Everybody, apart from the hounds, have indeed had their say about Webber's feud with Red Bull team mate Sebastian Vettel. The Australian himself did his grumbling on the same day, his dad Alan is all over the BBC website this morning, and even Jenson Button, who you might have thought had enough problems to worry about with his own dog of a car, has chimed in to warn the two Red Bull drivers will never be able to make it up.
He could be right. We've always known they didn't get on too well, but the scale of the rivalry between them has been laid totally bare by the German's decision to ignore team orders and bag himself his first Grand Prix win of the season.
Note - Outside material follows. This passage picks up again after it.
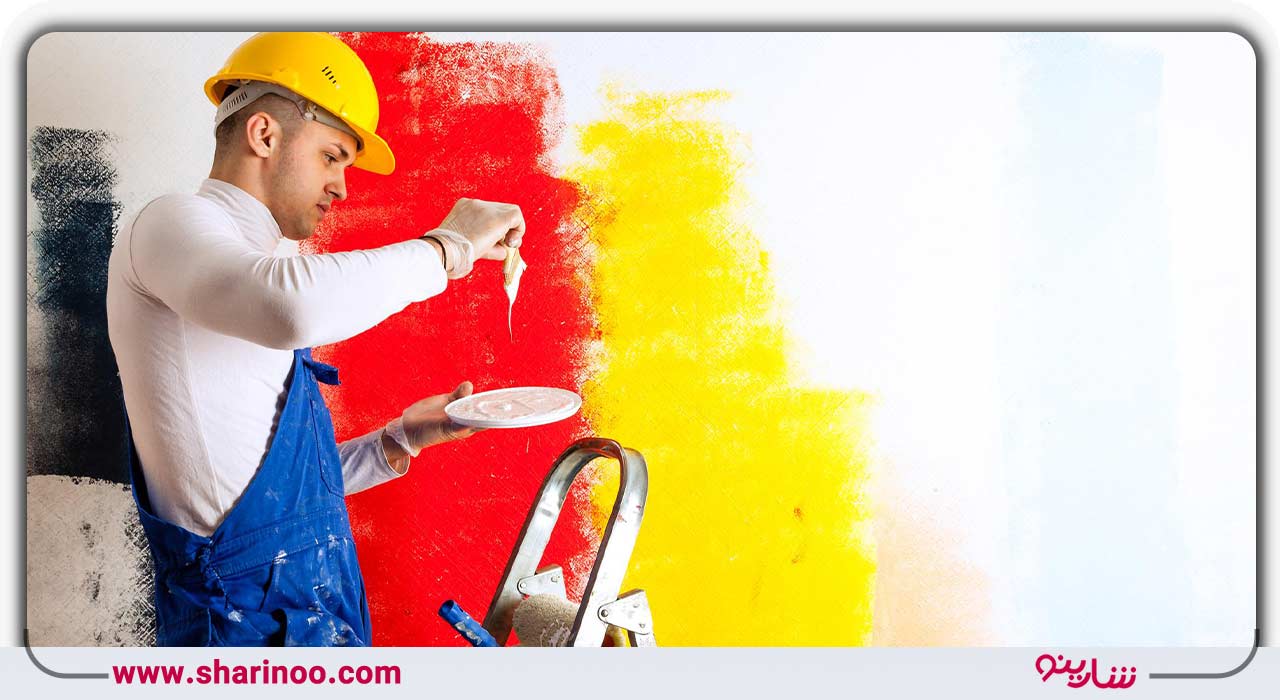 انواع نقاشی ساختمان در اصفهان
The question is how much it will affect their ability to perform as a team, and the answer, I suspect, is actually not much.
Vettel was full of apologies afterwards. We all know he won't be so sorry if he needs those extra seven points at the end of the season to retain his drivers' championship. His ruthless streak has made him 2.04 favourite to do so after just two races, and 2.72 favourite to win the Chinese Grand Prix when they are all back on the track on April 13.
What seems to have been forgotten in all this, however, is that the one thing the race in Kuala Lumpur taught us is that, while their drivers might have a few issues, the Red Bull cars are as hot as ever. They locked out the grid in Australia but failed to make they count as they learned the first lessons about managing the new Pirelli tyres. In Malaysia they qualified one and five and then raced one and two.
Webber's response to his anger, by the time he's walked a few miles with the dogs down some country lanes and got his head round things, will be to try to prove his point on the track. And while Team Orders might still leave him behind his "mate" more often than not, he's going to have a car that's every bit as quick. That makes 2.78 for Webber to finish in the top three of the Drivers' Championship outstanding value in the early Formula One betting. I'm backing it - and I don't think I'll be barking up the wrong tree.